The highest (and lowest) EPC rated regions in England

An Energy Performance Certificate is legally required whenever a house is bought, sold or rented. Designed to provide interested parties with a detailed review of the energy efficiency of a property, the certificate gives homes a rating from A (most efficient) to G (least efficient). 

Current energy prices remain far higher than they were a year ago, despite recent good news with regards to the energy price cap. Homeowners are, as a result, still having to be very careful about how they use energy. 

While it’s possible to cut energy usage within the home, the best way to save on energy is through improving the energy efficiency of the building as a whole. And that’s why the energy efficiency rating of a property is so important. 

Legislative changes regarding Energy Performance Certificates (EPC) are set to come into force soon, too. Under current government proposals, by 2025 all new lettings will require a rating of C or above. The same rule will apply to continuing tenancies from 2028. 

Ensuring that your property has a good EPC rating isn’t just beneficial from an environmental perspective. It could also save you huge amounts of money in your energy bills, while also making the property more attractive to potential buyers should you choose to sell it in the future. But what does it take to improve your EPC rating, and how much do these improvements actually cost? We decided to find out. 

For this study, we used government data to calculate the percentage of properties that have an EPC rating of D or below, in each region of the UK. The team went on to explore what the potential cost implications would be of improving these ratings, using data gathered from a number of sources, as detailed below. 

So, what’s the price of a top EPC rating – and how do you get one? Read on and we’ll reveal all. 

The Price of Improving Your EPC Rating

Taking into account data from a variety of different sources, we were able to calculate the average cost of improving a property’s EPC rating. 

On average, a homeowner would need to spend up to around £31,225 to make all the necessary changes to improve a property’s EPC rating. This includes changes to lighting, installing double or triple window glazing, boiler upgrades, roof and wall insulation and new additions such as underfloor heating and the installation of a smart metre.

Where are EPC improvements most needed?

There are properties crying out for better energy efficiency all over the UK, but some regions have more homes in need of attention than others.

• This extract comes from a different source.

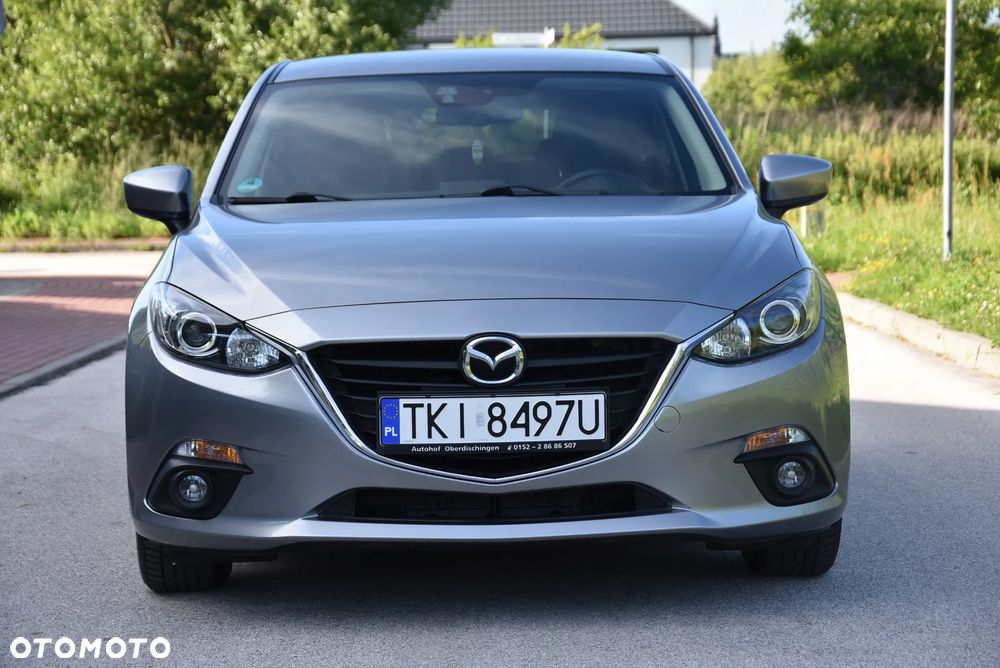 Mazda 3 SKYACTIV-G 120 Center-Line - 3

Analysis shows a clear North/South divide in terms of energy efficiency, with a far greater percentage of homes located in the North of the country in need of urgent EPC improvements. 

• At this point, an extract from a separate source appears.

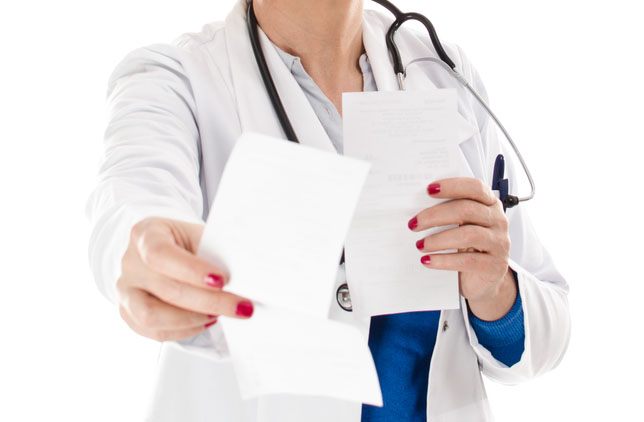 Медицинска сестра из Словеније лажирала више од 200 рецепата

We found that In Yorkshire and The Humber, 64% of properties have an EPC rating of D to G, which suggests that owners and landlords in this area would need to invest up to £31,225 in improvements to insulation, window glazing and heating systems. 

The situation isn’t much better in the West Midlands, where 62% of properties fall into this bracket, and would require similar amounts of financial investment to improve their EPC ratings. And in both the North West and the East Midlands, 6 out of 10 properties are rated between D and G, putting them in urgent need of energy efficiency investment. 

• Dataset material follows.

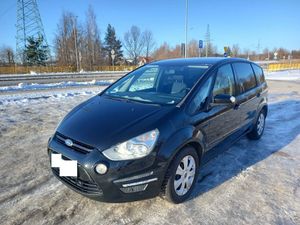 Ford S-Max I 2.0 TDCi DPF Gold X MPS6 2013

The best regions in terms of energy efficiency are London, where we can report that 53% of homes are rated D-6, and 86% of homes have a C-G rating. Similarly, in the South East 56% of properties fall into the D-G bracket, while 87% are more energy efficient and rated between C to G. 

The region with the greatest number of properties with the top EPC rating of ‘A’ is the South West. Our analysis has shown that there are 9,802 A rated properties in this area. The South West is closely followed by the South East, where there are 8,588 A rated properties recorded, and the East of England, which is home to 8,299 properties with the top EPC rating. By contrast, the region with the lowest number of A rated properties is the North West, where there are 4,270 properties with an EPC rating of A.

The cost breakdown

The average price of a better EPC rating has been calculated taking a number of variable factors into account. While it gives us an idea of what the cost of improving energy efficiency might be, it’s worth taking a closer look at the cost of the specific improvements that went into this calculation, to give us a better idea of what each of these upgrades might cost a homeowner.

Lighting: £100

LED light bulbs use 75% less energy and can last 25 times longer than more traditional  incandescent lighting. And making the switch doesn’t have to cost the Earth. For the average home, the price of switching to LED lightbulbs is around £100

Insulation: £555

Nothing makes an impact on energy bills quite like insulation improvements, so of course the calculation takes upgrading a property’s insulation into account. Typically, the cost of insulating a roof is around £500, while walls will cost approximately £610 to insulate

Windows: £3,000 - £6,570

Replacement windows do come with a hefty price tag, but they too can make a huge difference to energy efficiency. 

The price of upgrading windows depends on the size and style of a property, but you can expect to pay an average of £3,000 for a two-bed property, rising to an average of £6,570 for a four-bed home. 

Boiler: £2,500

Modern boilers are designed with energy efficiency in mind. So, if your boiler hasn’t been changed for a number of years, you may well benefit from switching to a newer model. You can expect to pay £2,500 on average, but prices will vary depending on the size of your property and your specific requirements.

Underfloor Heating: £4,250

Installing underfloor heating isn’t a quick or simple job, but if you’re planning renovations it’s a great opportunity to get it installed. Underfloor heating costs an average of £4,250.

Renewable Energy: £10,000

If you have the space to install renewable energy sources on or around your property, it’s always a good idea to do so. 

Consider installing solar panels or a ground source heat pump to dramatically reduce your energy bills and up that EPC rating.

Smart Metre: Free

Our final energy efficiency improvement won’t cost you a penny. Install a smart metre in your home to track your energy usage and learn about the energy consumption of different appliances.

Methodology: GOV.UK, Table D1: Domestic Energy Performance Certificates for all dwellings by energy efficiency rating was used to gather information regarding EPC ratings nationwide. The overall figures are from the fourth quarter of 2008 to the most recent quarter of 2023. The costs to improve EPC ratings were gathered from multiple reliable sources and the average cost for each was equated accordingly. The full raw data is available upon request.